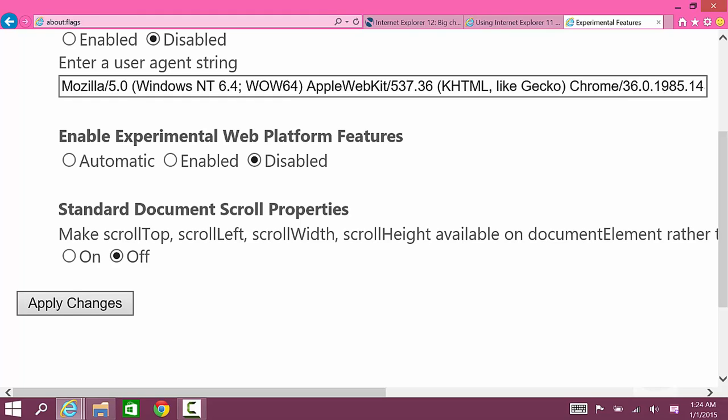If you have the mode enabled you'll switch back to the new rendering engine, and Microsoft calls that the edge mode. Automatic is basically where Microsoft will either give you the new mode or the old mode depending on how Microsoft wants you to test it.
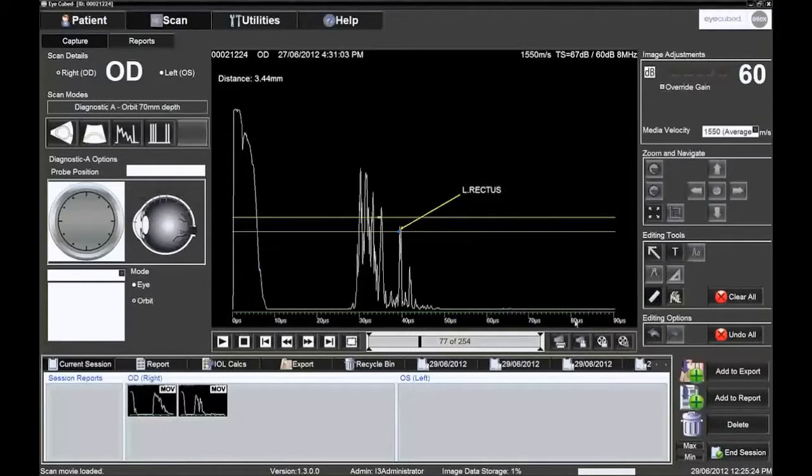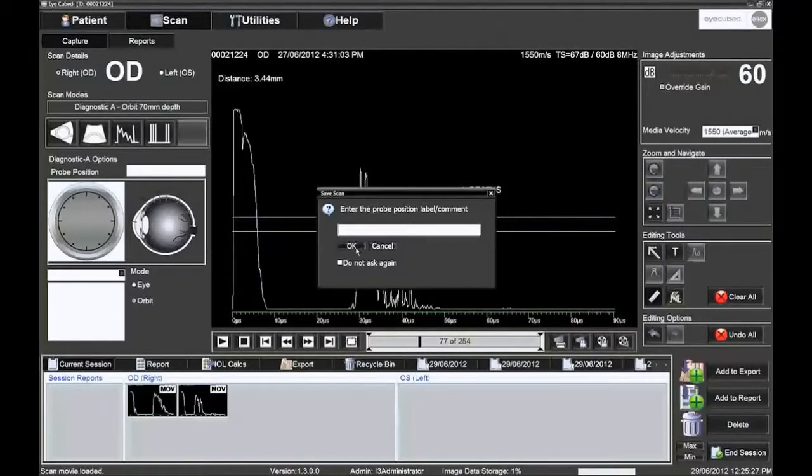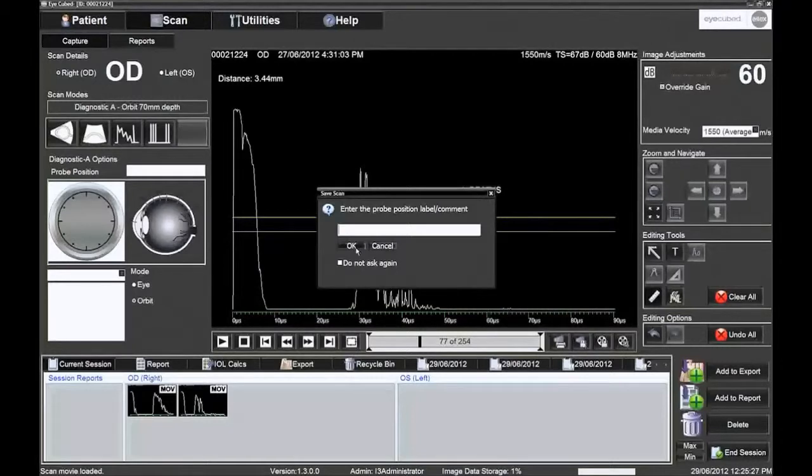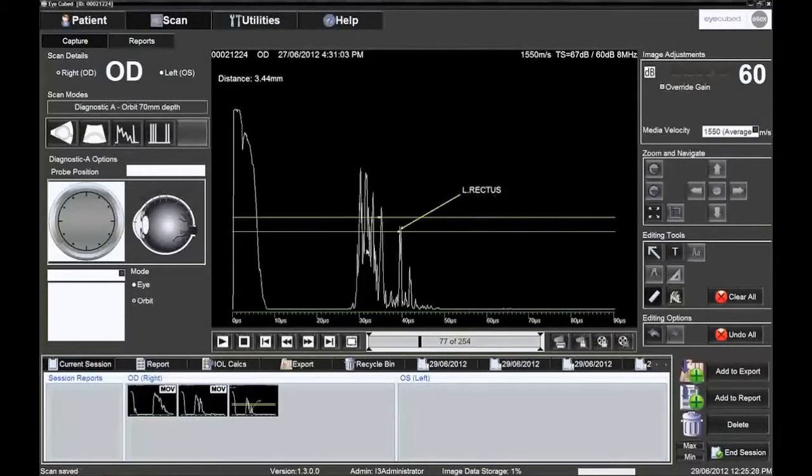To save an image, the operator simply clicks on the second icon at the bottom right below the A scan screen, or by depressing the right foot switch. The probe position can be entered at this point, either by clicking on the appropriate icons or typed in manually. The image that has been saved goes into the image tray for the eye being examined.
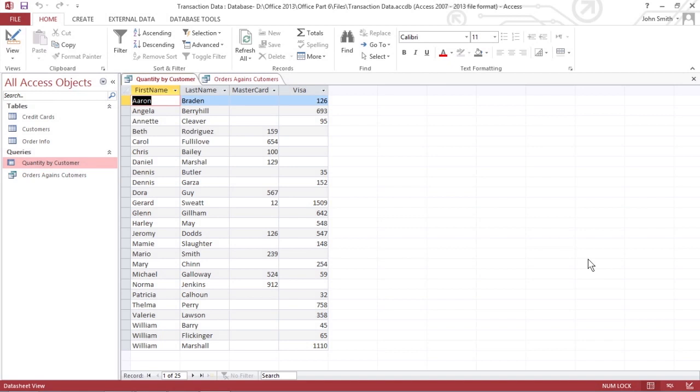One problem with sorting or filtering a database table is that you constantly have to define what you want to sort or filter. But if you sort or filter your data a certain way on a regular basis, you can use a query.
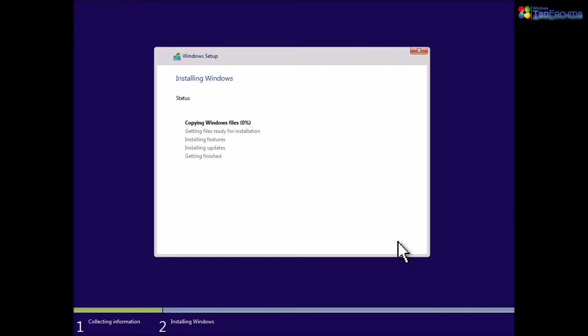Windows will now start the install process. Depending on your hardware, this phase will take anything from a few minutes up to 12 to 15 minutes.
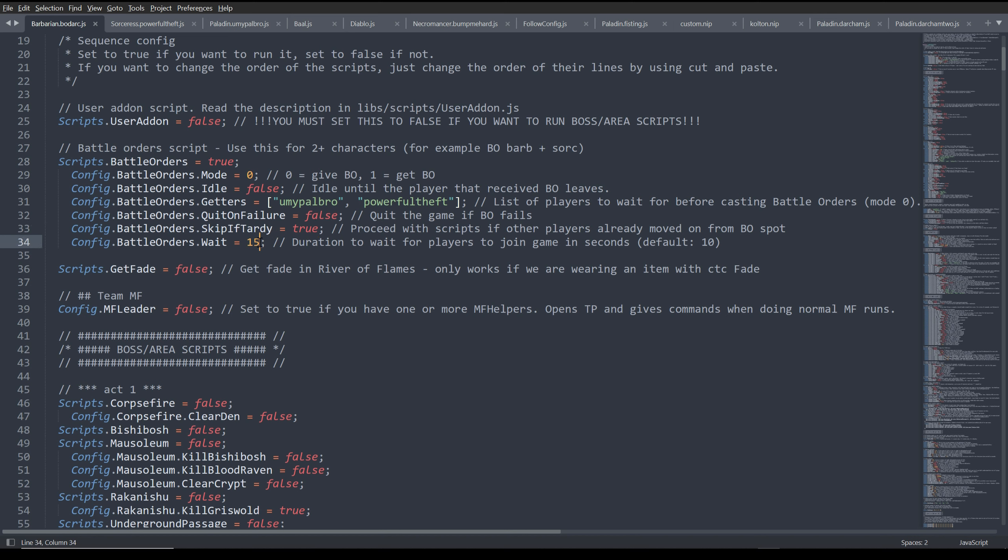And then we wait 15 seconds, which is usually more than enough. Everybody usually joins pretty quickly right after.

______________________________

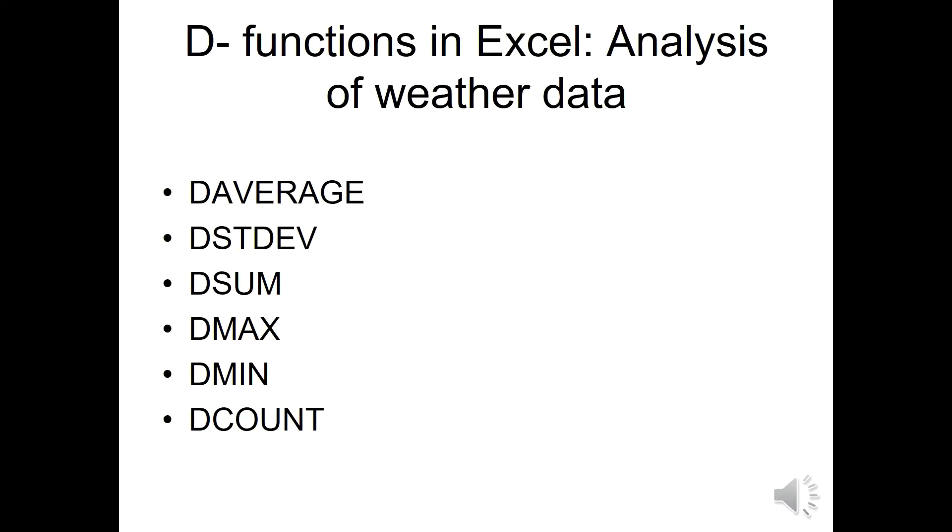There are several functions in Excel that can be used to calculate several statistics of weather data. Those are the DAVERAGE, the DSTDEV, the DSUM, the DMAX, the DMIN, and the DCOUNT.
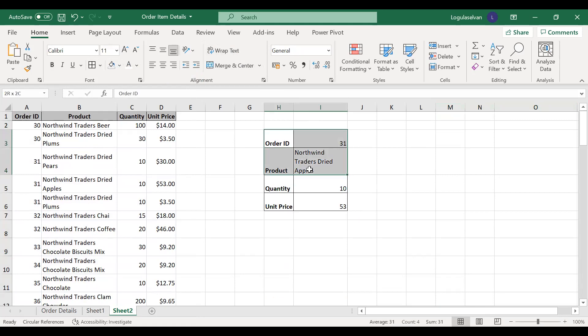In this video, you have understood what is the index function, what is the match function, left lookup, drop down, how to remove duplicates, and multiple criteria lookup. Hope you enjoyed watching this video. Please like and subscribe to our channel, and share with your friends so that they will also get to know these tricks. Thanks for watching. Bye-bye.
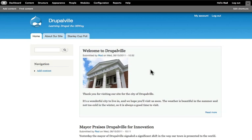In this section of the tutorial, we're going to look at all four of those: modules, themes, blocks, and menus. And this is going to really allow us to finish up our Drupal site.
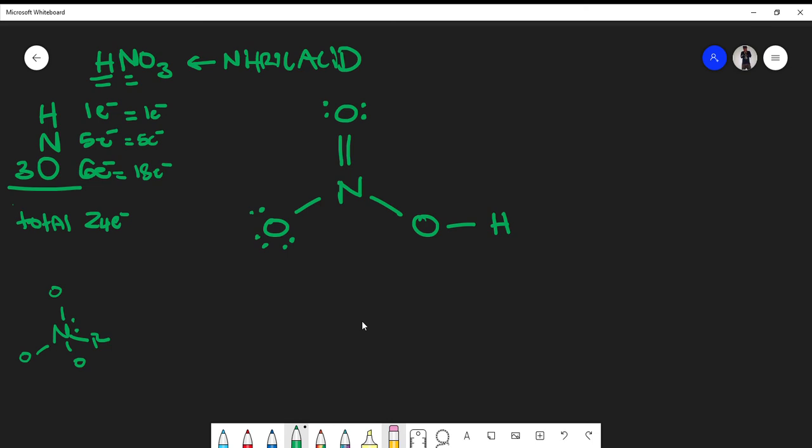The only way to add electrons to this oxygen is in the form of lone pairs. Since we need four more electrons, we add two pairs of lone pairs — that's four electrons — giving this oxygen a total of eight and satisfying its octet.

______________________________

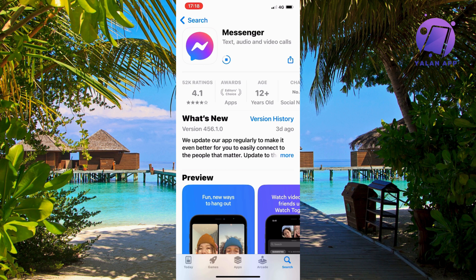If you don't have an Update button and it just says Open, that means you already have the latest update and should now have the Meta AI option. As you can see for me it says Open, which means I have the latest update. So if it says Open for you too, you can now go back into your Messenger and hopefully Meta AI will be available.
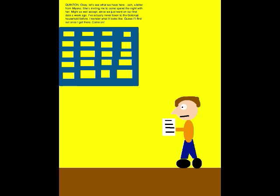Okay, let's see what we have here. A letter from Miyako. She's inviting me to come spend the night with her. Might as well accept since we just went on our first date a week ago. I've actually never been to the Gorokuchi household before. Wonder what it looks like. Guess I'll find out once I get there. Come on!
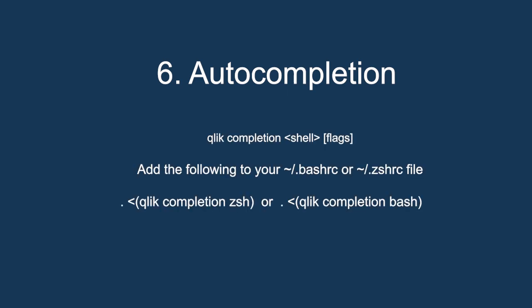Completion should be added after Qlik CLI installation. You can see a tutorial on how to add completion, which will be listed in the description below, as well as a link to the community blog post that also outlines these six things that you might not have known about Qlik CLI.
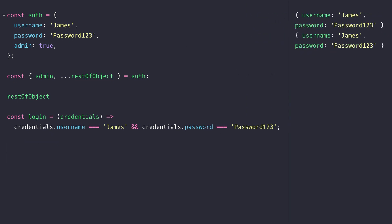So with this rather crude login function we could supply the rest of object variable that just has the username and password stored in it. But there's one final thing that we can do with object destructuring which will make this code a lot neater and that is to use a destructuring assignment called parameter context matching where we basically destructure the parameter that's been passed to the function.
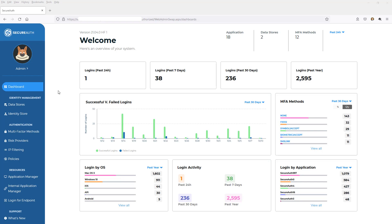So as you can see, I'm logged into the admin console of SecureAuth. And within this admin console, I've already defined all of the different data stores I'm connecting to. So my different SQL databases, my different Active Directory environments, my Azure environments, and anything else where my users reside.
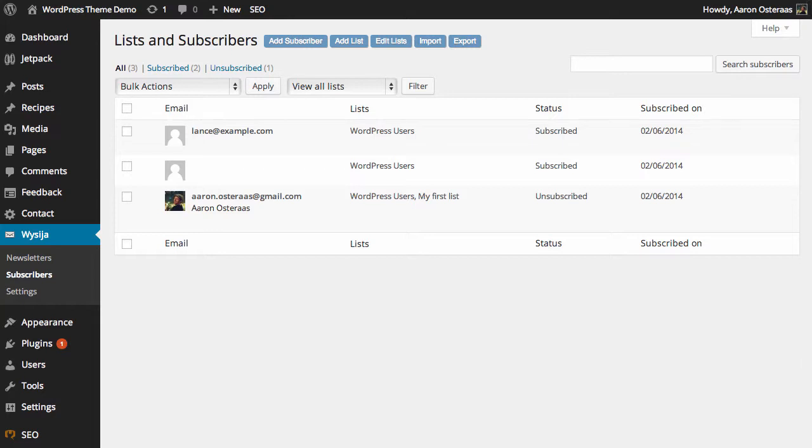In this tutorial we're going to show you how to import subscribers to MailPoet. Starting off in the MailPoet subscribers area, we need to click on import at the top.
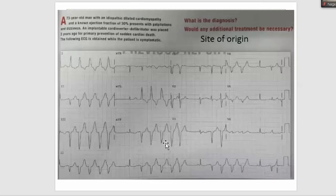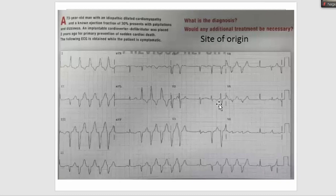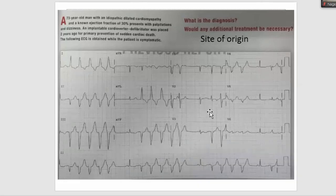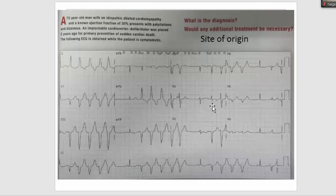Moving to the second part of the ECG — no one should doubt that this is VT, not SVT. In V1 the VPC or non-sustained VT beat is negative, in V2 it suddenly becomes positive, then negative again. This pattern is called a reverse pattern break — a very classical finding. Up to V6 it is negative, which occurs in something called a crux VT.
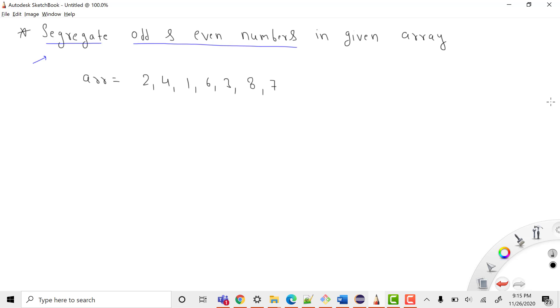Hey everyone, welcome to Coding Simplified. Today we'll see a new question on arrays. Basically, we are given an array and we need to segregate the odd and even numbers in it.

______________________________

Exercise prompt
Beginning with the line holding "If you have" in the material above, restate word for word each line through the line holding "And then we", and exclude pictures.

Answer
If you have the mode enabled you'll switch back to the new rendering engine, and Microsoft calls that the edge mode. Automatic is basically where Microsoft will either give you the new mode or the old mode depending on how Microsoft wants you to test it.
To save an image, the operator simply clicks on the second icon at the bottom right below the A scan screen, or by depressing the right foot switch. The probe position can be entered at this point, either by clicking on the appropriate icons or typed in manually. The image that has been saved goes into the image tray for the eye being examined.
One problem with sorting or filtering a database table is that you constantly have to define what you want to sort or filter. But if you sort or filter your data a certain way on a regular basis, you can use a query.
Windows will now start the install process. Depending on your hardware, this phase will take anything from a few minutes up to 12 to 15 minutes.
And then we wait 15 seconds, which is usually more than enough. Everybody usually joins pretty quickly right after.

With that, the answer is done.